From the first line of the data below, repeat each line exactly until you reach the line with "Press kit |"; include that line too.

━━━

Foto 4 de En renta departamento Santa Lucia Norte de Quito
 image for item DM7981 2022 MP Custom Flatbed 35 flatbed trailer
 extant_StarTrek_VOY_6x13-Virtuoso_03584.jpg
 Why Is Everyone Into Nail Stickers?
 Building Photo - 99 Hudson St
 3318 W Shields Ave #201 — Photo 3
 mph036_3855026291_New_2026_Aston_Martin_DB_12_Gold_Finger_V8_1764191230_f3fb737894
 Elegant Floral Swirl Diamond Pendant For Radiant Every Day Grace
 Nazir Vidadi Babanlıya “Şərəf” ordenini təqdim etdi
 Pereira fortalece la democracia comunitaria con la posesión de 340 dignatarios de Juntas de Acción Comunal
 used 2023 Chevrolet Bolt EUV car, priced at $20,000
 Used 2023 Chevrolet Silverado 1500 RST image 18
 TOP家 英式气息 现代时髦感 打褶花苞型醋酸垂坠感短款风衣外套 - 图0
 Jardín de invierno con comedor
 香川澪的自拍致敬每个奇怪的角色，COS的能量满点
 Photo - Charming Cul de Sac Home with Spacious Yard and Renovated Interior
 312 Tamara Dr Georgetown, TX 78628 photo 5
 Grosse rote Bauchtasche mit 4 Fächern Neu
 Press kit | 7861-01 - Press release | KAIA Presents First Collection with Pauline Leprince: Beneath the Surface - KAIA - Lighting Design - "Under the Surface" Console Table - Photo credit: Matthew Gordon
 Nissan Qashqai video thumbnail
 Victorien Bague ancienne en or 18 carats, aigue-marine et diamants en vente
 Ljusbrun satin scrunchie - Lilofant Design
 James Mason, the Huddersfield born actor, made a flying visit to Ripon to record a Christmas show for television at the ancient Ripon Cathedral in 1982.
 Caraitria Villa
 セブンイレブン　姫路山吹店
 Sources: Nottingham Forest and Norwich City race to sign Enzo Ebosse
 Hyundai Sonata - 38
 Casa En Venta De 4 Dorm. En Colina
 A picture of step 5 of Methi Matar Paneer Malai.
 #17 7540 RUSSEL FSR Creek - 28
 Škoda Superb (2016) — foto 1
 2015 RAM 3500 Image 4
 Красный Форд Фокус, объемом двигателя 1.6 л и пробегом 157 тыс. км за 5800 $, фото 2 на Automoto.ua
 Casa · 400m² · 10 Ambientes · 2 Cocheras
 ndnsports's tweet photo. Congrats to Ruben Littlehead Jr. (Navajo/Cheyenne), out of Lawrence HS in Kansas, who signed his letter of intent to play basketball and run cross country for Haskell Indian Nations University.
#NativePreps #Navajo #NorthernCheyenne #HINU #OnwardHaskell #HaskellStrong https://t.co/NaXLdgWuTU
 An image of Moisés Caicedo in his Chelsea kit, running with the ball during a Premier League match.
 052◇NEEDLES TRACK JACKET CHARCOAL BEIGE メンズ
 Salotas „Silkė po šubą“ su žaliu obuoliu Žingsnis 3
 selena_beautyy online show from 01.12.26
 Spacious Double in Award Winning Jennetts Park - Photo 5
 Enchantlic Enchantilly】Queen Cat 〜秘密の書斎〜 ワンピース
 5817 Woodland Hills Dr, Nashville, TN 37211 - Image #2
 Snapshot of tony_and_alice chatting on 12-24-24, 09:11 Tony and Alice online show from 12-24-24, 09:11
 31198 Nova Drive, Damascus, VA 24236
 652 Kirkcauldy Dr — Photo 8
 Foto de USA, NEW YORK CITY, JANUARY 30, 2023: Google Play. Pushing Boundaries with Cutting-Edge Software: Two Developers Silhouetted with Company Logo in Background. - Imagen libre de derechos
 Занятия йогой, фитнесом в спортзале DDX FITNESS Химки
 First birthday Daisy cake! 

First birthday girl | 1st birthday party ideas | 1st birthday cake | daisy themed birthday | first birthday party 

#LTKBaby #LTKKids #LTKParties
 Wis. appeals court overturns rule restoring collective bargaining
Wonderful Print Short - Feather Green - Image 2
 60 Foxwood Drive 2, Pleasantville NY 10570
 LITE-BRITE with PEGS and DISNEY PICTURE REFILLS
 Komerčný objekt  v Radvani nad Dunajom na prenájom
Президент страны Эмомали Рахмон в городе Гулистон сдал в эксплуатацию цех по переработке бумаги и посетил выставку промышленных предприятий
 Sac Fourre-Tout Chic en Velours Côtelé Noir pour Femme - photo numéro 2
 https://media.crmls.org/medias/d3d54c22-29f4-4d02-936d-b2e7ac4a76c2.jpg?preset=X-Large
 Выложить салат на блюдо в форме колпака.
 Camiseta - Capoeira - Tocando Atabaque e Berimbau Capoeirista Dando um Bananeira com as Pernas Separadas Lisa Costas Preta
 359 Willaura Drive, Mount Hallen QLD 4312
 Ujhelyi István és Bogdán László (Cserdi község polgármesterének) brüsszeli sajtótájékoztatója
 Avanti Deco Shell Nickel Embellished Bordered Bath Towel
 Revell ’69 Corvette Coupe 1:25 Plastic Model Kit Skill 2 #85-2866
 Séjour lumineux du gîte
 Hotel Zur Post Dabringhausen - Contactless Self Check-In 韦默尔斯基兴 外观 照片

━━━

◆ **Solved problem**
Foto 4 de En renta departamento Santa Lucia Norte de Quito
 image for item DM7981 2022 MP Custom Flatbed 35 flatbed trailer
 extant_StarTrek_VOY_6x13-Virtuoso_03584.jpg
 Why Is Everyone Into Nail Stickers?
 Building Photo - 99 Hudson St
 3318 W Shields Ave #201 — Photo 3
 mph036_3855026291_New_2026_Aston_Martin_DB_12_Gold_Finger_V8_1764191230_f3fb737894
 Elegant Floral Swirl Diamond Pendant For Radiant Every Day Grace
 Nazir Vidadi Babanlıya “Şərəf” ordenini təqdim etdi
 Pereira fortalece la democracia comunitaria con la posesión de 340 dignatarios de Juntas de Acción Comunal
 used 2023 Chevrolet Bolt EUV car, priced at $20,000
 Used 2023 Chevrolet Silverado 1500 RST image 18
 TOP家 英式气息 现代时髦感 打褶花苞型醋酸垂坠感短款风衣外套 - 图0
 Jardín de invierno con comedor
 香川澪的自拍致敬每个奇怪的角色，COS的能量满点
 Photo - Charming Cul de Sac Home with Spacious Yard and Renovated Interior
 312 Tamara Dr Georgetown, TX 78628 photo 5
 Grosse rote Bauchtasche mit 4 Fächern Neu
 Press kit | 7861-01 - Press release | KAIA Presents First Collection with Pauline Leprince: Beneath the Surface - KAIA - Lighting Design - "Under the Surface" Console Table - Photo credit: Matthew Gordon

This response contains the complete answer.